During today’s group discussion, I asked a question regarding Sherlock Holmes’s refusal to remember what he considers unnecessary information. Specifically, Holmes says, “You see, I consider that a man’s brain originally is like a little empty attic, and you have to stock it with such furniture as you choose. A fool takes in all the lumber of every sort that he comes across, so that the knowledge which might be useful to him gets crowded out, or at best is jumbled with a lot of other things, so that he has a difficulty in laying his hands upon it” (Doyle 9). Obviously, being a jack of all trades is of not importance to Holmes, even though most men during this period valued well-versed education as a symbol of elevated social status. In addition to this oddity, Sherlock Holmes focuses his brain power on two specific fields: forensic science (5) and detective work (both of which go hand-in-hand). In fact, one could go as far as to say that Sherlock Holmes’s infatuation with detective work borderlines obsession.
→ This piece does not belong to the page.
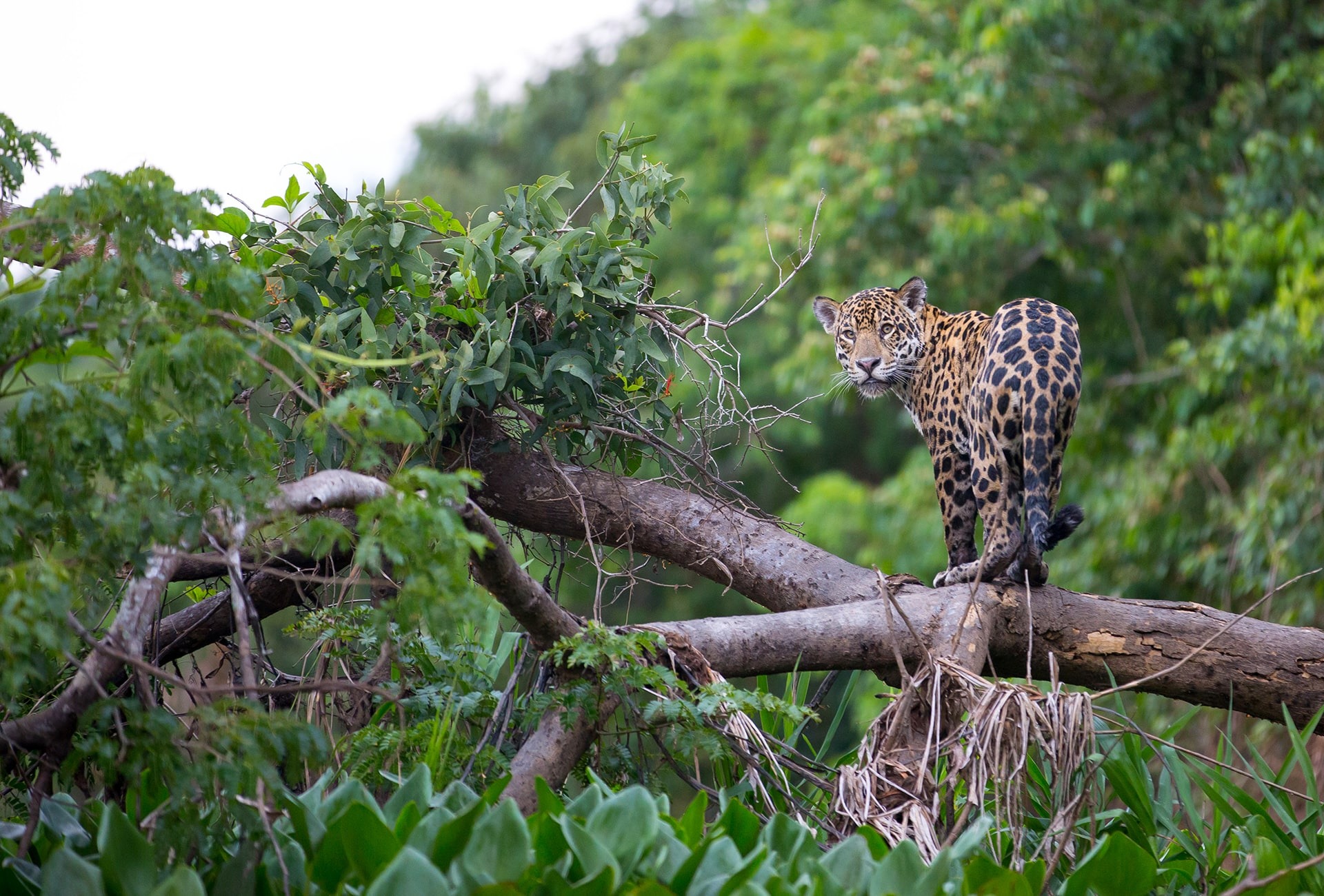 Jaguar, by Pedro Helder Pinheiro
He applies most of his time and brain power to solving cases and developing new methods to do so. As a result, Holmes is viewed as “eccentric (3)” by those who know him–all except for Watson.

Davis brought up a good point about Sherlock Holmes’s potential neurodivergence. Although Arthur Conan Doyle makes no effort to diagnose Holmes with Asperger’s or any other type of condition (Asperger’s was not described in the DSM until the mid-twentieth century), he arguably represents the condition in the most digestible manner for his audience at the time. Not only is Holmes’s obsession with forensics indication of the likelihood of his neurodivergence, but also his communication style and his extremely close observations of people and his environment are tell-tale signs of his unique thought process, which Watson notices and grows to admire throughout the novel. What we may consider dry humor or flatness of character in Holmes’s verbal responses may actually be an indication of his inability to verbally engage other people in a usual, more inviting manner. In addition, Holmes’s attention span is very short, and Watson notes many occasions during which Holmes’s body language is notable for its unusual nature (Doyle 21).

This opens up a bigger discussion about the ways in which 19th century authors such as Doyle, Collins, and even Bronte attempt to portray disability without having the current language to name it. How could Catherine Earnshaw’s “personality” be analyzed as a result of trauma, and what language does Bronte use to convey such a framework? I think there is a lot to delve into here.

 

3 thoughts on “Neurodivergent Representation in Sherlock Holmes”

  1. The first thing I thought of when reading Sherlock’s characterization was noticing his neurodivergence, I agree with everything you’ve said here. I also agree that there is a lot more to delve into in terms of how Victorian literature navigated describing neurodivergence without the proper language. Though I am also interested in how different neurodivergence are described in different lights. Catherine Earnshaw for example is depicted as more out of sorts and crazy in her obsessions, but Sherlock Holmes is praised as a passionate, master detective. Even without the language, it seems Victorian authors had some opinions about which were maybe more tolerable or acceptable.

  2. With today’s increasing knowledge and awareness about disability and psychopathology, I agree with you both that it is not hard to see Sherlock Holmes as neurodivergence. Other than lacking the specific words and terms to identify different mental disorders, Victorians are also quite notorious for not wanting to talk about things that are out of the norms, despite the love of the sensational literature. Like sex and homosexuality, mental disorders are only hinted vaguely and not discussed about at all within Victorian novels. The most that the authors did seems to be to acknowledge the out-of-the-norms behaviors and then brush them off as quirks, hysteria, or trauma: Miss Havisham, Catherine Earnshaw, Heathcliff, Rosanna Spearman, or Sherlock Holmes. Thus, us modern readers can only rely on the (sometimes exaggerated) descriptions to tell what is actually going on with a character, other than women having hysteria or people being haunted by their traumatic past.

  3. I personally found your post to be very interesting. I was especially excited by the fact that you brought the DSM into discussion with the specific traits that Holmes portrays. If you were to pursue this topic more in depth, you could probably use the closest edition of the DSM to analyze Holmes’ characteristics. While it would be impossible to give him an official diagnosis it is still fun and fascinating to evaluate characters like him. You could also use his diagnosis to further evaluate how, not only Conan Doyle treats him within the story, but how the other characters treat him. You could further discuss how he is treated in the means of being ogled over while simultaneously being treated better or worse in various situations (eg. ablism) which you did already touch on in your post.